Victoria Vigón, en un espacio de grabación y/o emisión de un programa informativo, profirió las siguientes expresiones referidas a Torres: “Qué mierda también de entradilla esto… Joder…”; o “infumable, infumable, infumable. Paso de Ana también, ¡no puede ser peor! Balance no lo quiero Gonzalo, ¡hay que flotarlo! ¿Habéis oído? Hola, ¿hay editor?… Coño, ¿por qué no hay editor?”.

Todo ello delante de más personas.

“NO SE ENTERA DE NADA… PARECE JOSÉ MOTA ESTA TÍA”

No acabó ahí el asunto, puesto que días más tarde, Vigón volvió a la carga mientras se visionaba una pieza informativa elaborada por Torres, “relativa al asesinato de una chica paraguaya en Elche de la Sierra. Dichas expresiones fueron: ¡No se entera de nada! El testigo del testigo… Sí, pero no, ya no… Parece José Mota esta tía. ¡José Mota! Vamos, José Mota, estupendo…”.

Días más tarde Vigón soltó lo siguiente: “Qué… Por favor necesito la entradilla de la bratz de Ana ya porque ya lleva dos días haciéndolo y todavía no está la entradilla y son las dos y media, ¿dónde voy? ¡Tiene cojones”.

Otro ejemplo del trato vejatorio, según la sentencia, fue el que protagonizó Vigón otro día. Estas fueron sus frases: “Esta pieza, cómo me pone esta entradilla, cómo me pone esta entradilla si es que… ¡Pero Mario! Fuera la muñeca fuera, estoy harta de Ana. Bueno, no, ¡que no tengo cierre!

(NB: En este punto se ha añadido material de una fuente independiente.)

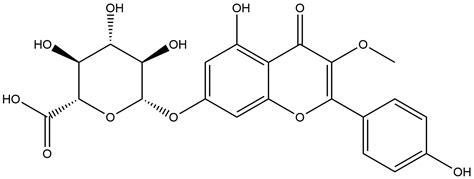 β D Glucopyranosiduronic Acid 5 Hydroxy 2 4 Hydroxyphenyl 3 Methoxy 4 Oxo 4h 1 Benzopyran 7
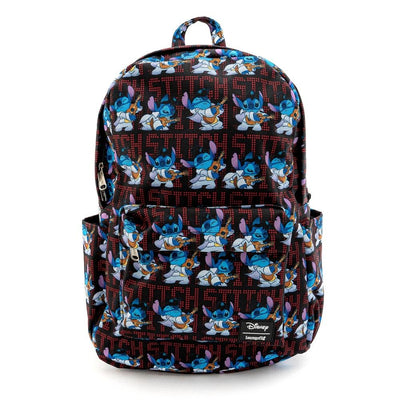 Loungefly Disney Lilo and Stitch Elvis Stitch All-Over-Print Nylon Backpack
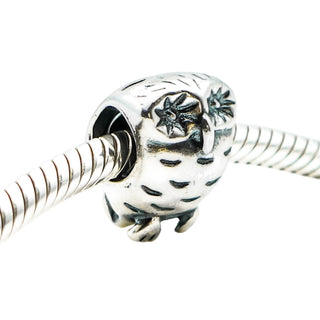 Pandora Retired Owl Sterling Silver Charm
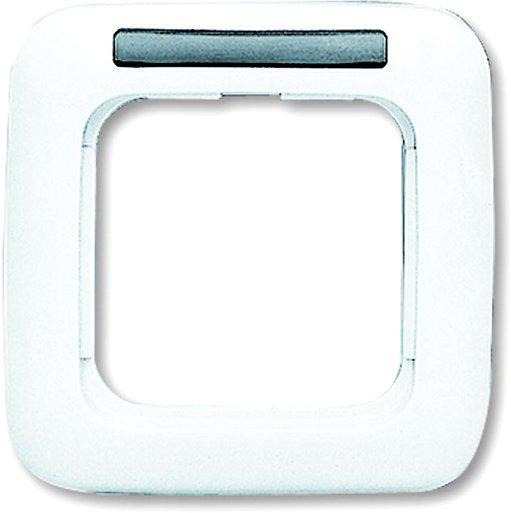 Abdeckrahmen Reflex 1-fach weiß glänzend mit Sichtfenster 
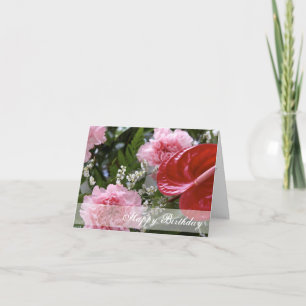 Cartão de Buquê Feliz Aniversário das Flores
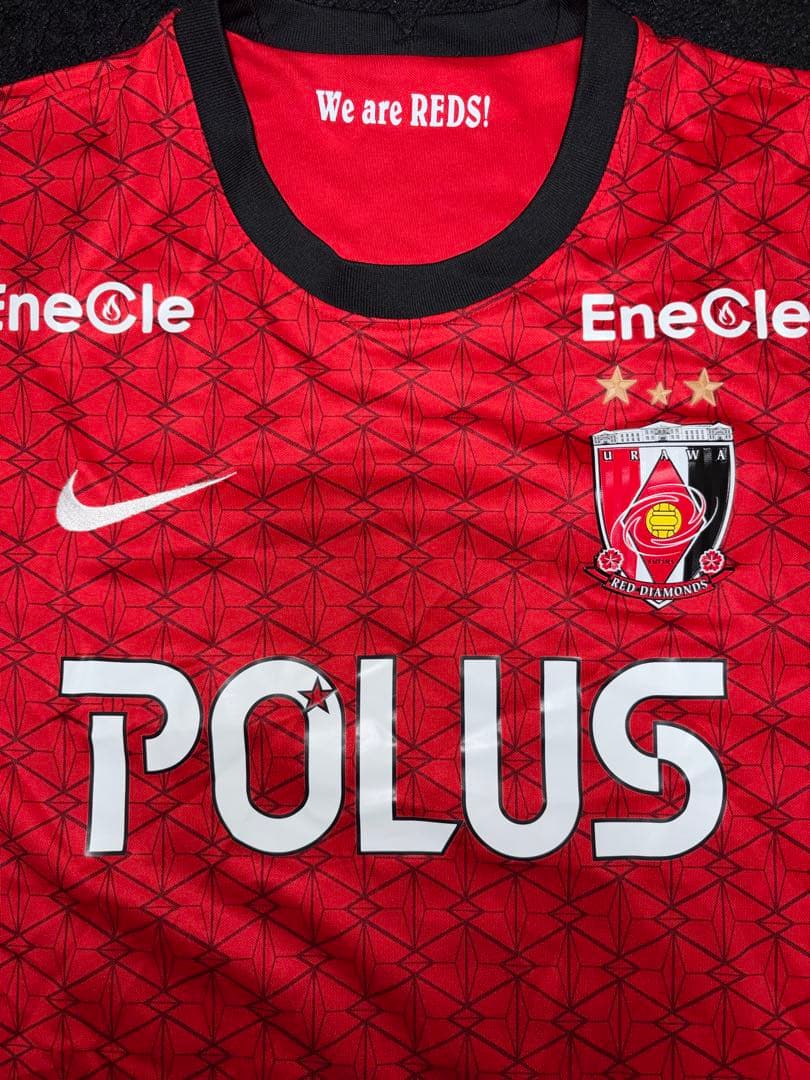 浦和レッズ 西大伍 ユニフォーム 直筆サイン入り ナイキ製 XLサイズ 赤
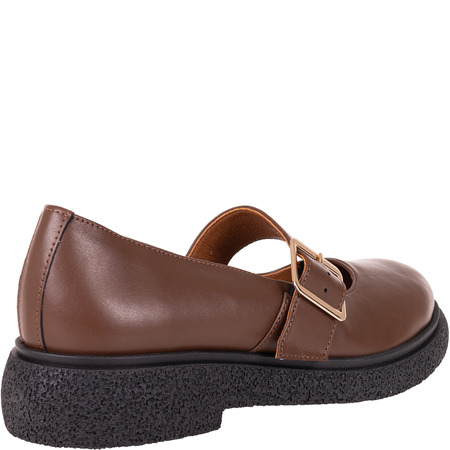 Półbuty Syrena SGO 2095 brązowe - skóra naturalna licowa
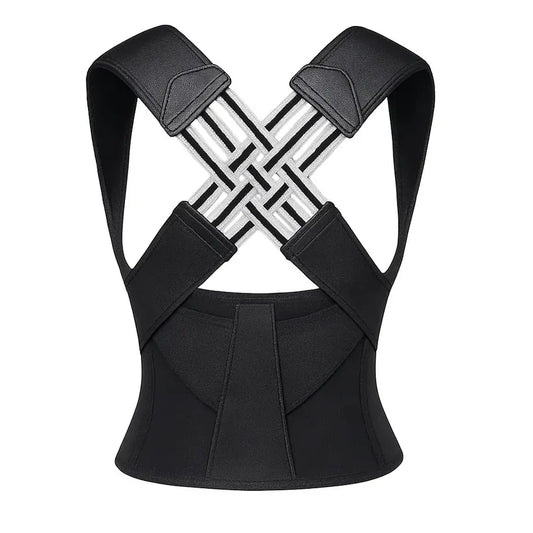 Elitte™ Adjustable Back Posture Corrector Belt – Relieves Back & Shoulder Pain | Unisex Support Strap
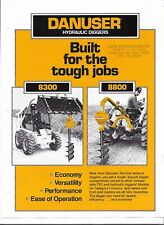 Original Danuser 8300 8800 Hydraulic Digger Sales Brochure Spec Sheet 2768 10/91 for sale  Shipping to South Africa
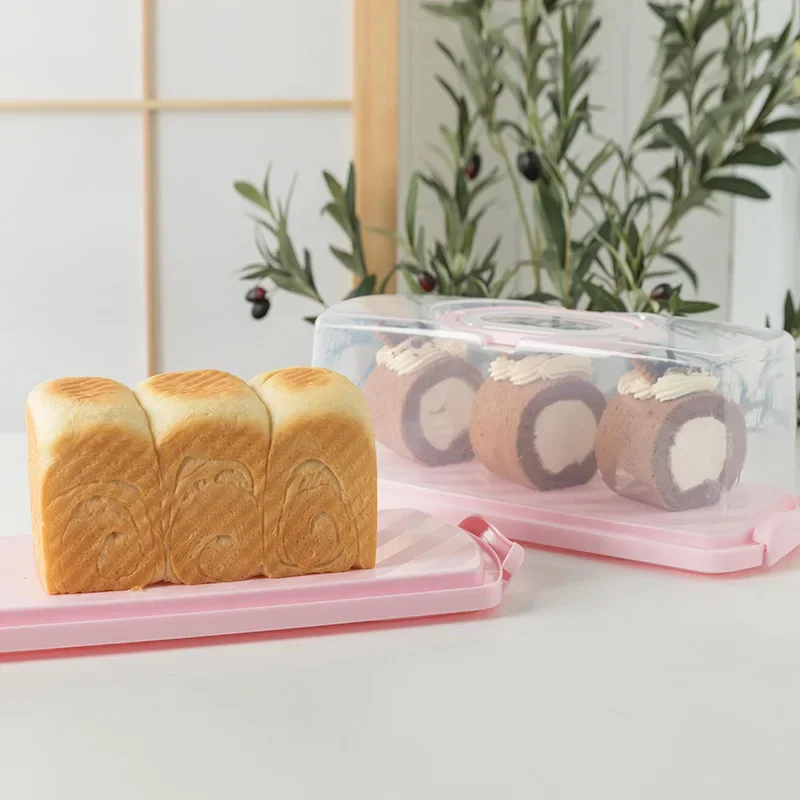 Description Picture 4 of itemPlastic Clear Cake Box Cupcake Toast Pastry Storage Box Carrier Handle Fridge Food Fruit Dessert Container Cake Cover Case
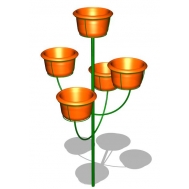 Цветочница парковая ZION ЦВ-4 (СП022)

No, no puedo más con Ana, no puedo más con Ana, no puedo, no puedo más…”.

Tras estos episodios y algunos más, Ana Torres fue dada de baja por enfermedad en varias ocasiones y atendida una vez en Urgencias por opresión torácica y nerviosismo.

CALIFICATIVOS COMO MUÑECA O GILIPOLLAS TIENEN UN CONTENIDO DENIGRATORIO IMPORTANTE

Después, demandó tanto a Vigón como a RTVCM porque consideraba que se habían vulnerado sus derechos contra la integridad moral, mientras que el abogado de Vigón esgrimió que no se había producido una situación continuada y, por lo tanto, no existía acoso moral, aunque al final el juez ha desestimado su argumento.

La demandante aportó además grabaciones sonoras de los hechos, por lo que no había ninguna duda de lo que había sucedido en ocasiones continuadas.

El juez entiende que expresiones utilizadas por Vigón contra Torres, tales como “muñeca” o “gilipollas”, y más delante de otros compañeros, “tienen un contenido denigratorio importante”. Y afirma que “se ha acreditado la comisión por la demandada, Victoria Vigón, de unas actuaciones calificables como acoso laboral que vulneran el derecho a la integridad moral de la actora (Torres), por lo que la demandada ha de ser condenada”.